Pétrole : L’OPEP ajuste ses prévisions de demande mondiale face aux tensions commerciales

Pétrole : L’OPEP ajuste ses prévisions de demande mondiale face aux tensions commerciales
Dans un environnement économique mondial où les frictions commerciales s’intensifient, notamment dans le sillage des tensions sino-américaines, l’Organisation des Pays Exportateurs de Pétrole (OPEP) a procédé à un réajustement mineur de ses projections concernant la croissance de la demande planétaire d’or noir pour l’horizon 2025-2026.

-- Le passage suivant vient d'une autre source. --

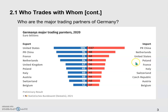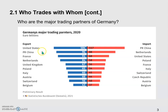On the import side, Germany imported a lot from Poland, France, Switzerland, Czech Republic, Austria, and Belgium — so neighboring economies again. The second pattern also holds: Germany trades more with the largest economies around the world, which is why we see the United States and China listed as the top two export destinations and major import sources.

D’après le bulletin mensuel diffusé ce jour par le cartel pétrolier, l’expansion de la consommation mondiale devrait s’établir à 1,3 million de barils par jour (Mb/j) pour l’année 2025, contre une évaluation antérieure de 1,4 Mb/j. L’OPEP table sur une progression analogue pour l’exercice 2026, soit une augmentation d’environ 1% en rythme annuel. Cette révision, bien que d’ampleur limitée, traduit principalement l’incidence escomptée des récents prélèvements douaniers imposés par les États-Unis, une mesure susceptible de tempérer l’appétit énergétique global dans les périodes à venir.
“Cette inflexion marginale résulte essentiellement des données recueillies au titre du premier trimestre 2025 et de l’impact présumé sur la sollicitation pétrolière, eu égard à l’instauration récente des barrières tarifaires américaines”, a explicité l’Organisation des Pays Exportateurs de Pétrole dans sa publication.
Un optimisme relatif au sein de l’OPEP face aux évaluations externes
En dépit de ce recalibrage prudent, l’OPEP conserve une vision plus favorable que d’autres instances de référence du secteur énergétique. L’Administration américaine d’information sur l’énergie (EIA) a notamment revu considérablement à la baisse son estimation de croissance pour 2025, la ramenant à 900 000 barils par jour, soit une contraction de 30%. De son côté, la banque d’investissement Goldman Sachs manifeste une prudence accrue, anticipant une progression de la demande circonscrite à 500 000 barils par jour.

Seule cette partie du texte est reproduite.